December 19, 2020
President Elect Biden has continued to make historic selections for his cabinet positions. Today it was reported that Rep. Deb Haaland (D-N.M.) was nominated to fill the position Secretary of the Interior, marking a turning point for the U.S. government’s relationship with the nation’s Indigenous peoples. In selecting Haaland, a member of Pueblo of Laguna, Biden placed a descendant of the original people to populate North America atop a 171-year-old institution that has often had a troubled relationship with the nation’s 574 federally recognized tribes. Three divisions of Interior have a tremendous impact on Indian Country, including the Bureau of Indian Affairs, the Bureau of Indian Education, and the Bureau of Trust Funds Administration, which manages billions held in trust by the U.S. government.

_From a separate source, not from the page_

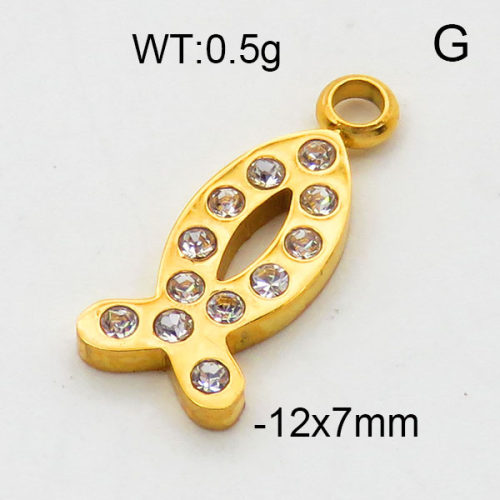 304 Stainless Steel Pendant & Charms,Rhinestone,Red ribbon,Polished,Vacuum plating gold,7x12mm,about 0.5g/pc,5 pcs/package,6AC300499aaho-906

I was able to see some of this “trouble” when I worked with the Native Tribes in Utah. There are eight sovereign tribal governments in Utah: Confederated Tribes of the Goshute Reservation, Navajo Nation, Northwestern Band of Shoshone Nation, Paiute Indian Tribe of Utah, San Juan Southern Paiute, Skull Valley Band of Goshute, Ute Mountain Ute Tribe, and the Ute Indian Tribe. One case that stuck out was with the Ute Mountain Ute Tribe. When I was there during the 1980’s the Corps of Engineers had constructed 12 different reservoirs in the Wasatch Mountains to store and divert water to the Colorado River to be used in California. The original agreement specified this diversion would be compensated for by building three dams to send water to the Ute Reservation. Even as I worked on additional reservoirs to store California water, none had been built or even started for the Utes.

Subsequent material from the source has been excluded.